Poland's official representative to the CIS Interstate Aviation Committee (IAC) Edmund Klich is expected to arrive in Moscow on Monday to obtain documents on the air crash that killed many Polish officials in April, media reported.
A Soviet-made Tu-154 carrying then President Lech Kaczynski and about 90 officials crashed en route to the western Russian city of Smolensk on April 10, killing everyone on board. The high-ranking delegation was due to attend a memorial ceremony for the victims of the 1940 Katyn massacre, in which Soviet secret police killed thousands of Polish military officers.

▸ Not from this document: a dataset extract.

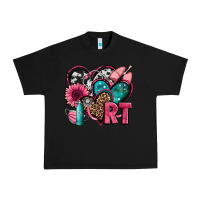 Black rt respiratory therapist hearts Urban Heavy Tee - Jasminsmagicworld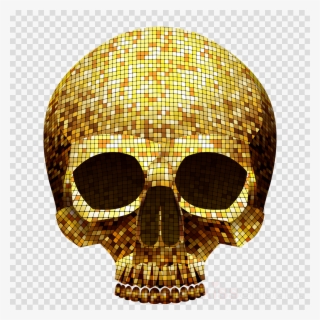 Golden Skull Png Clipart Borders And Frames Skull Clip #5657209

Russian and Polish investigators and experts have been jointly investigating the causes of the crash.
Polish Prime Minister Donald Tusk said August 10 that all documents on the crash Poland expects to obtain from Russia are "ready for handing to Edmund Klich in Moscow."
Following the crash, Poland held early presidential elections, which were narrowly won by Bronislaw Komorowski, a pro-EU, moderate member of the governing Civic Platform party.
Under Kaczynski, Moscow and Warsaw were at odds over a range of historical disputes, but the Russian leadership's sincere reaction to the deadly crash helped improve Russia's image in the eyes of many Poles.
Poland's newly inaugurated President Komorowski opened on Sunday a memorable plaque in Warsaw Military Cathedral to commemorate the victims of the plane crash in western Russia.
The memorable plaque was placed in the cathedral's Katyn chapel. The plaque bears the names of all the people who died in the crash. There is also a box to the left of the plaque with the earth from the site of the plane crash.